WHAT THE TASK REQUIRES
Find the line containing "OH license plate GRE7502" in the entries below. Restate it and each line after it, word for word, up to and including the line containing "Foldable Watercolor Pigment".

(Dataset entries)
▼
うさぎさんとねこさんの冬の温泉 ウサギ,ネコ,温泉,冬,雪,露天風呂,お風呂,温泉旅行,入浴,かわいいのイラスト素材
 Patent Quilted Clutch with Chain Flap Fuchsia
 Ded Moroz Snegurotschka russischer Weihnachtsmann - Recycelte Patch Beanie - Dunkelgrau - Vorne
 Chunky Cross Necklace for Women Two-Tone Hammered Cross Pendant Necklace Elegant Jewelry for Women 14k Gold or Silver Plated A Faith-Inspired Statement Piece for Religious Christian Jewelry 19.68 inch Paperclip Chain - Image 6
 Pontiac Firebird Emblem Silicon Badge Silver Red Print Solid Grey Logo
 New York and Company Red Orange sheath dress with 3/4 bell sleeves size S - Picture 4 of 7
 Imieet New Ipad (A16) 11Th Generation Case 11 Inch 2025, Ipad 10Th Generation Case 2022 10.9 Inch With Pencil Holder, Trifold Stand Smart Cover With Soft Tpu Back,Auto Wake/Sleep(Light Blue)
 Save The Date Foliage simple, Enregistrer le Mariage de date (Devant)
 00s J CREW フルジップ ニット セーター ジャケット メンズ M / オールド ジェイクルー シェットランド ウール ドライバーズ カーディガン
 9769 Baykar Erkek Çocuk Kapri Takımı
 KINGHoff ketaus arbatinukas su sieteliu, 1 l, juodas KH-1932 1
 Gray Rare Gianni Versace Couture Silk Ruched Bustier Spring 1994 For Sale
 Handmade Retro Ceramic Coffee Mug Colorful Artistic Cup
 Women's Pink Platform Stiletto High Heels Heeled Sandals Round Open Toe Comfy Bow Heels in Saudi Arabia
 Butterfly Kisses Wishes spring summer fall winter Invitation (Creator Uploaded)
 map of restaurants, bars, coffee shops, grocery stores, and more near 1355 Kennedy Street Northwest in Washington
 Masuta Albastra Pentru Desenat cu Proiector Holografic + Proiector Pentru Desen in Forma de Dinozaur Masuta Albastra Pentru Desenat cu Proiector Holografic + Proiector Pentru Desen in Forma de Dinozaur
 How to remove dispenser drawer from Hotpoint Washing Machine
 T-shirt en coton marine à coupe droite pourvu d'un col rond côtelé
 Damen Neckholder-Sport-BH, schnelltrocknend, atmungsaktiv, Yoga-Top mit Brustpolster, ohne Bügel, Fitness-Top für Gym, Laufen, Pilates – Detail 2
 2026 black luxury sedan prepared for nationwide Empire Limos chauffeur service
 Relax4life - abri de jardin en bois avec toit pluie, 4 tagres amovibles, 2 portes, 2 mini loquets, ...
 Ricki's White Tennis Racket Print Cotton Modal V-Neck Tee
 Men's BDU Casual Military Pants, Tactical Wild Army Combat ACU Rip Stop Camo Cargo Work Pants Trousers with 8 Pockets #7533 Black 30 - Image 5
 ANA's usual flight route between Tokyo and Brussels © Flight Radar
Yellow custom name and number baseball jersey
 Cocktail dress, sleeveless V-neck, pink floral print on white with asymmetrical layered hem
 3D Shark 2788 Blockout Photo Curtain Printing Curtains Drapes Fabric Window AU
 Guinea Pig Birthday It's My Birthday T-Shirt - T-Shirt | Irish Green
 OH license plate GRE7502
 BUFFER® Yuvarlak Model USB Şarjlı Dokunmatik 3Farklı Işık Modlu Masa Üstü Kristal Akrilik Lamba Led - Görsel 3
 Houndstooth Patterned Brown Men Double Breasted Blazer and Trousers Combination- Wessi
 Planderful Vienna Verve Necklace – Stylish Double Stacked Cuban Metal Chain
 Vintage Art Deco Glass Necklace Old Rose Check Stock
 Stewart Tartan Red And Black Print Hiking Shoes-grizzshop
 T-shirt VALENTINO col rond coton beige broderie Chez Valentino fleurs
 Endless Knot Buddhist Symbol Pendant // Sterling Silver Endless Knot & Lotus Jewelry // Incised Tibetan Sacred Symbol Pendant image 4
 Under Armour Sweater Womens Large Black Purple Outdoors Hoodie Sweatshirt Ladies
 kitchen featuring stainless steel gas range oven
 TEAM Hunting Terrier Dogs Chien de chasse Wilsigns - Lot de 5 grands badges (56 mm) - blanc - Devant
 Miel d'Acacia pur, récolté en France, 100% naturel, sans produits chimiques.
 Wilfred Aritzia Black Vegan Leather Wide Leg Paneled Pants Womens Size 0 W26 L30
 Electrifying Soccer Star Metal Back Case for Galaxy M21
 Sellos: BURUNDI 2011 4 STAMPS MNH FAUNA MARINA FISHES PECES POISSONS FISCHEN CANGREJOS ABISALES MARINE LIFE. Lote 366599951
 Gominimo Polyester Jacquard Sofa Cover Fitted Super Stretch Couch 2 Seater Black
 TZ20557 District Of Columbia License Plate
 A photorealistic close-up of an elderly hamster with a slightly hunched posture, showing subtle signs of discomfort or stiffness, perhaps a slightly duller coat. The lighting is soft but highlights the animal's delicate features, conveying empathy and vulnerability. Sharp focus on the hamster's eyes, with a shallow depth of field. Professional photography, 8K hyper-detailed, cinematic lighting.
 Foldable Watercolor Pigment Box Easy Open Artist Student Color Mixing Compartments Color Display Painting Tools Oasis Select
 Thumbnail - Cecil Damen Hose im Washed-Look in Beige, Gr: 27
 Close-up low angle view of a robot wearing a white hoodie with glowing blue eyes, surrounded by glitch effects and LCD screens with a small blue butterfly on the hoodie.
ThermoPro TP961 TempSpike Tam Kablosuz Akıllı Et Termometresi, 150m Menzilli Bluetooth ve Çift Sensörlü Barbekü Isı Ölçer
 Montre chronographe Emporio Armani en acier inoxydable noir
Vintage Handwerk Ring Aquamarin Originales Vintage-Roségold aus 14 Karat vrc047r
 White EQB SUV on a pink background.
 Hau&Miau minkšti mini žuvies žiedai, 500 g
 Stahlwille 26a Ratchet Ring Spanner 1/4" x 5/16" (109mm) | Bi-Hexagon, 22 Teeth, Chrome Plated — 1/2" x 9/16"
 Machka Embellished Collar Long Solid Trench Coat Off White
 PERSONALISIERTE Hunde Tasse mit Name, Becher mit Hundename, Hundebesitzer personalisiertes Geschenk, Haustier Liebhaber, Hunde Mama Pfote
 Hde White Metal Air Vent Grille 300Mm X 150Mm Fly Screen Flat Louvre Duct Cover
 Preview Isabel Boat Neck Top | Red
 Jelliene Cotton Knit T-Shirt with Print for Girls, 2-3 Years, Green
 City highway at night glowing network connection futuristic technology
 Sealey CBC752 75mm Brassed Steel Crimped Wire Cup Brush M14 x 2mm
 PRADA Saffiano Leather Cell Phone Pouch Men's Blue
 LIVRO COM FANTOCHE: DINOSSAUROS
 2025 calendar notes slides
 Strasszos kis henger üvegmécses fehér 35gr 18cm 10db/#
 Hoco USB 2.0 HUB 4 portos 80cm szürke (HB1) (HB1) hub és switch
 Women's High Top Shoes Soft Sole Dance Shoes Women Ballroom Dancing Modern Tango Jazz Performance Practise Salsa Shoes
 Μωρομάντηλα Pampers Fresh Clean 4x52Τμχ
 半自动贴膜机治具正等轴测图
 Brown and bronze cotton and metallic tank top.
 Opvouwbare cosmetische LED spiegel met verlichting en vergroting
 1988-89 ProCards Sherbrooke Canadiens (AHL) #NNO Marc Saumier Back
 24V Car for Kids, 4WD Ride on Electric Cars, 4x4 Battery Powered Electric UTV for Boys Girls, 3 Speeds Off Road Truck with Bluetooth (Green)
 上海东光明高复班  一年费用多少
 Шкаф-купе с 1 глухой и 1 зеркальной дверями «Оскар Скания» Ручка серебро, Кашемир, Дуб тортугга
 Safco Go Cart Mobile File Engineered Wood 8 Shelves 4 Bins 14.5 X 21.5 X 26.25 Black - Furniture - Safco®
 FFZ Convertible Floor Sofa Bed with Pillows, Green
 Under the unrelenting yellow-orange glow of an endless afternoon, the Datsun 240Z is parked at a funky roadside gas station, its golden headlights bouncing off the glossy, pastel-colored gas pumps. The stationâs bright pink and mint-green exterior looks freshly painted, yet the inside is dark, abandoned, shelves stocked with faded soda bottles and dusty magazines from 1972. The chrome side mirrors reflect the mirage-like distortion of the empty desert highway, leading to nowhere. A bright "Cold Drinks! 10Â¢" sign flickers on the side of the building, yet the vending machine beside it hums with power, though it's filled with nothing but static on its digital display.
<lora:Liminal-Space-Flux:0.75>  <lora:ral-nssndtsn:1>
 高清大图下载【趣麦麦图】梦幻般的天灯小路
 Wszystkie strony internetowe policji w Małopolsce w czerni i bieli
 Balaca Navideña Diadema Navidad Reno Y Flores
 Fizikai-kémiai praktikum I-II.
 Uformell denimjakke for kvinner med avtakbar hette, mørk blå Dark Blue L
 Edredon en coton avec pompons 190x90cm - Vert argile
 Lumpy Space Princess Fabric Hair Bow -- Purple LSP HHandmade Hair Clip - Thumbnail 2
▲
ANSWER BOX
 OH license plate GRE7502
 BUFFER® Yuvarlak Model USB Şarjlı Dokunmatik 3Farklı Işık Modlu Masa Üstü Kristal Akrilik Lamba Led - Görsel 3
 Houndstooth Patterned Brown Men Double Breasted Blazer and Trousers Combination- Wessi
 Planderful Vienna Verve Necklace – Stylish Double Stacked Cuban Metal Chain
 Vintage Art Deco Glass Necklace Old Rose Check Stock
 Stewart Tartan Red And Black Print Hiking Shoes-grizzshop
 T-shirt VALENTINO col rond coton beige broderie Chez Valentino fleurs
 Endless Knot Buddhist Symbol Pendant // Sterling Silver Endless Knot & Lotus Jewelry // Incised Tibetan Sacred Symbol Pendant image 4
 Under Armour Sweater Womens Large Black Purple Outdoors Hoodie Sweatshirt Ladies
 kitchen featuring stainless steel gas range oven
 TEAM Hunting Terrier Dogs Chien de chasse Wilsigns - Lot de 5 grands badges (56 mm) - blanc - Devant
 Miel d'Acacia pur, récolté en France, 100% naturel, sans produits chimiques.
 Wilfred Aritzia Black Vegan Leather Wide Leg Paneled Pants Womens Size 0 W26 L30
 Electrifying Soccer Star Metal Back Case for Galaxy M21
 Sellos: BURUNDI 2011 4 STAMPS MNH FAUNA MARINA FISHES PECES POISSONS FISCHEN CANGREJOS ABISALES MARINE LIFE. Lote 366599951
 Gominimo Polyester Jacquard Sofa Cover Fitted Super Stretch Couch 2 Seater Black
 TZ20557 District Of Columbia License Plate
 A photorealistic close-up of an elderly hamster with a slightly hunched posture, showing subtle signs of discomfort or stiffness, perhaps a slightly duller coat. The lighting is soft but highlights the animal's delicate features, conveying empathy and vulnerability. Sharp focus on the hamster's eyes, with a shallow depth of field. Professional photography, 8K hyper-detailed, cinematic lighting.
 Foldable Watercolor Pigment Box Easy Open Artist Student Color Mixing Compartments Color Display Painting Tools Oasis Select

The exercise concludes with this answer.